Salentini come formiche prudenti: crollano gli investimenti finanziari

Diminuisce la raccolta indiretta delle banche salentine: negli ultimi cinque anni disinvestimenti e svalutazioni per ben 475 milioni di euro. Stasi: "Non è positivo per l'economia"

Foto di repertorio

LECCE – I salentini mantengono una certa prudenza in materia di investimenti. I risparmi non mancano, ma la percezione del rischio in materia di indici borsistici è evidentemente alta.

Così ammontano a quasi mezzo miliardo (precisamente 475) i milioni di euro disinvestiti o svalutati nell’ambito degli investimenti finanziari, nel corso degli ultimi cinque anni.

È quanto emerge da un recente studio condotto dall’Osservatorio economico del Salento, diretto da Davide Stasi, che ha analizzato l’andamento della raccolta indiretta degli istituti bancari e degli intermediari.
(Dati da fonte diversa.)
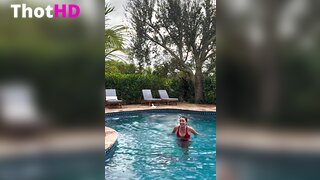 Sydney Lint Outdoor Ass Leak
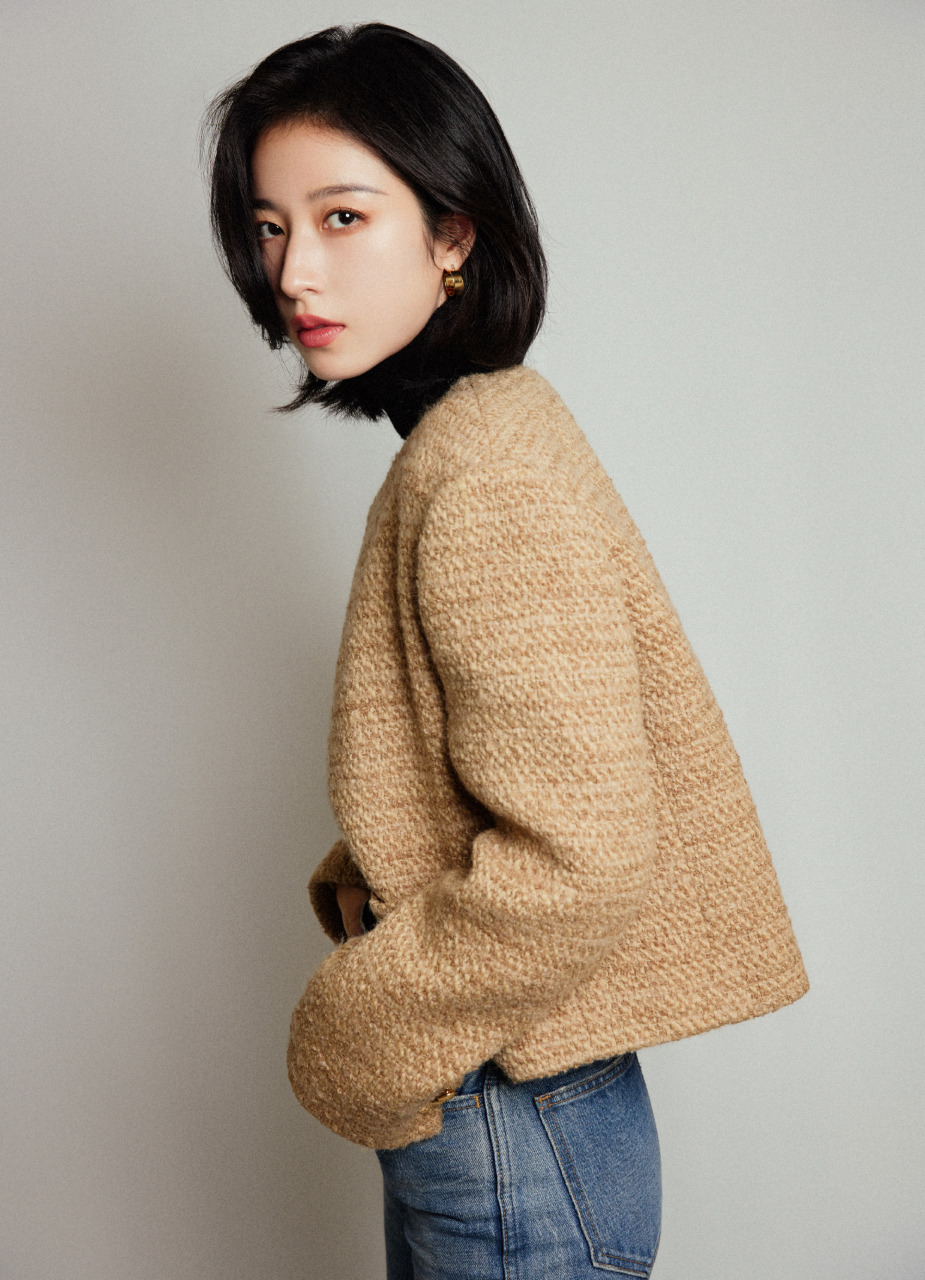 周雨彤的穿搭有着小香风的优雅.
“Mentre la raccolta diretta – spiega Davide Stasi – comprende i depositi della clientela, l’emissione di obbligazioni, i pronti contro termine e l’indebitamento presso altri istituti di credito, la raccolta indiretta, invece, rappresenta l’attività di investimento e di distribuzione di titoli, fondi comuni, prodotti assicurativi, svolta da una banca per conto terzi. Grazie a questa attività, la banca incassa le commissioni di collocamento, amministrazione e gestione, sia da istituti terzi sia dalla clientela”.

Complessivamente, la raccolta indiretta degli operatori finanziari che operano a Lecce e provincia, negli ultimi cinque anni, è scesa da un valore di 4,1 miliardi di euro a 3,6 miliardi, considerata in base al «fair value», cioè al prezzo di mercato. Pari ad un tasso negativo dell’11,6 per cento.
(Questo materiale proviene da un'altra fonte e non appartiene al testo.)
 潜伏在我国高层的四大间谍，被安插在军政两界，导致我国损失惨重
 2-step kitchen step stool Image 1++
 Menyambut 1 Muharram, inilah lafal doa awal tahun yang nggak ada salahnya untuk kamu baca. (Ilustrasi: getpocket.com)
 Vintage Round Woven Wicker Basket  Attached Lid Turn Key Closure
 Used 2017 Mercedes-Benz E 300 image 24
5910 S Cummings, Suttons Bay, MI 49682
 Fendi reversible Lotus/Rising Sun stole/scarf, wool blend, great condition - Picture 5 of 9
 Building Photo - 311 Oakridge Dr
I dati elaborati comprendono le sole operazioni con la clientela residente nella provincia di Lecce e sono escluse le istituzioni finanziarie monetarie. Per ciascun istituto, i dati sono depurati delle passività di propria emissione. Più in dettaglio, il valore dei titoli a custodia è sceso dai 3,6 miliardi di euro ai 3,1 miliardi, registrando un calo del 12,2 per cento.

Il valore dei titoli in gestione (come i fondi comuni), invece, è sceso dai 374 milioni ai 330 milioni, con una flessione dell’11,9 per cento.
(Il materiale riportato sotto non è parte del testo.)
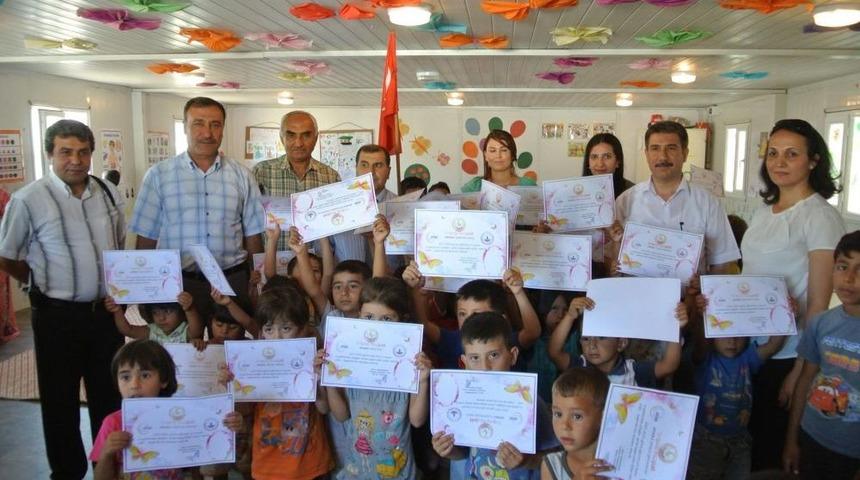 Suriyeli &Ccedil;ocuklara Karne Verildi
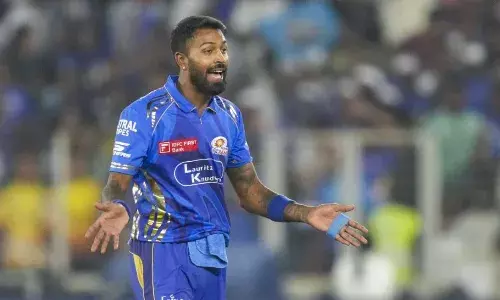 हार्दिक पांड्या ने फैंस का जीता दिल, नन्हे फैन के साथ ली सेल्फी, सोशल मीडिया पर वायरल हो रहा वीडियो हार्दिक पांड्या ने फैंस का जीता दिल, नन्हे फैन के साथ ली सेल्फी, सोशल मीडिया पर वायरल हो रहा वीडियो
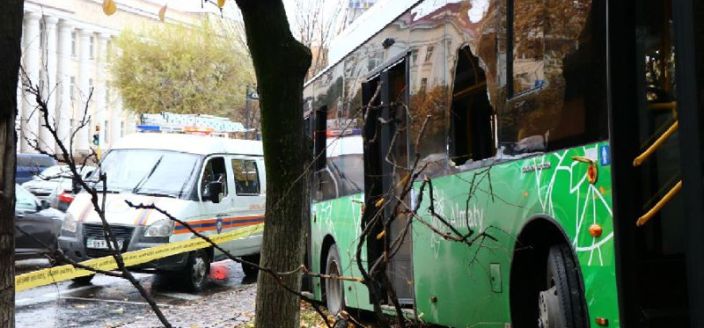 Один человек погиб, 17 - попали в больницу из-за столкновения двух автобусов в Алматы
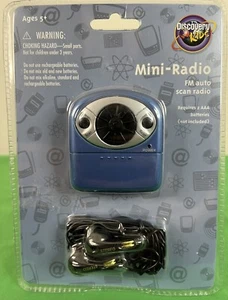 Nuevo de Lote Antiguo 2001 Discovery Kids Mini-Radio Portátil con Auriculares FM Nuevo Walkman Sellado - Imagen 1 de 7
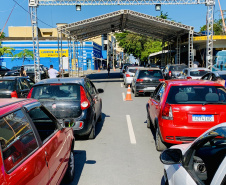 Em menos de três dias, 9,8 mil trabalhadores portuários paranaenses receberam a primeira dose da vacina contra o coronavírus, no Paraná. A vacinação, em tempo recorde, priorizou os funcionários que atuam a bordo dos navios, costado e faixa portuária. O número de doses superou total enviado pelo Ministério da Saúde e será necessário aguardar o envio de novo lote para que a vacinação seja retomada.  -  Foto: Claudio Neves/Portos do Paraná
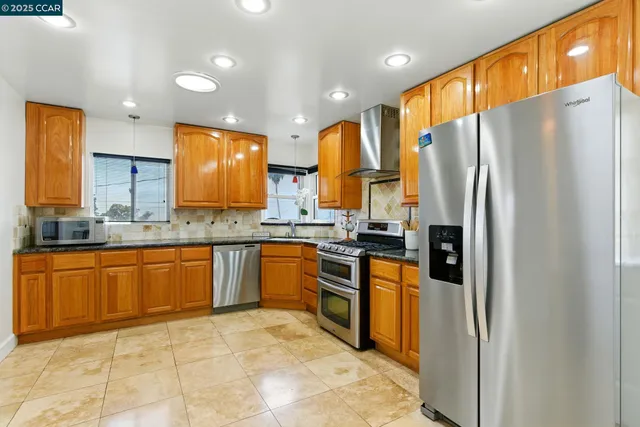 $998,000 | 7968 Michigan Avenue, Oakland, CA 94605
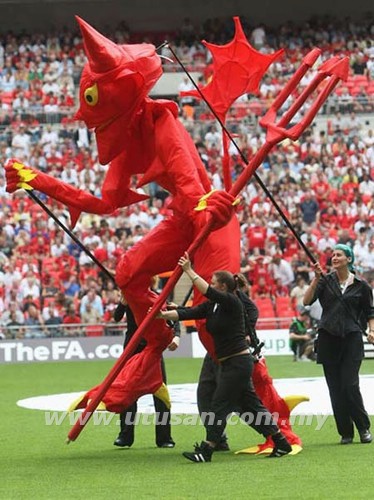 Hukum menyokong 'syaitan merah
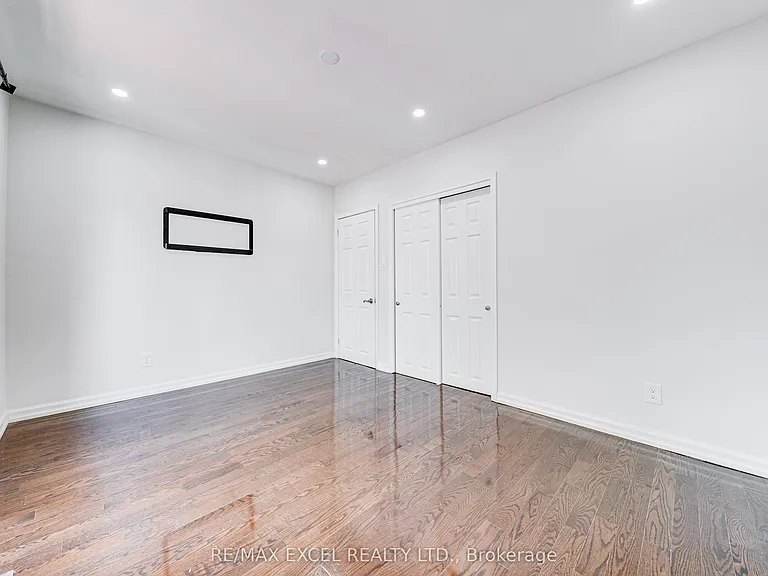 51 Tordale Cres — Photo 27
L’approvazione dei bilanci bancari, secondo Stasi, dovrebbe confermare questo trend negativo.

“Le crisi bancarie hanno cambiato profondamente l’approccio dei salentini – puntualizza Stasi-. Le ultime vicende hanno aumentato quindi l’avversione al rischio e i risparmiatori preferiscono parcheggiare il denaro su conti di deposito e strumenti liquidi che remunerano anche meno dell’uno per cento.

“Per poter guadagnare qualcosa – avverte Stasi - occorrerebbe investire su un Btp di durata, almeno, quinquennale. L’atteggiamento eccessivamente prudenziale, però, può tradursi in una perdita di occasioni di profitto, considerando i recenti buoni risultati delle borse, ma soprattutto non contribuisce alla crescita del Paese e del suo sistema produttivo”.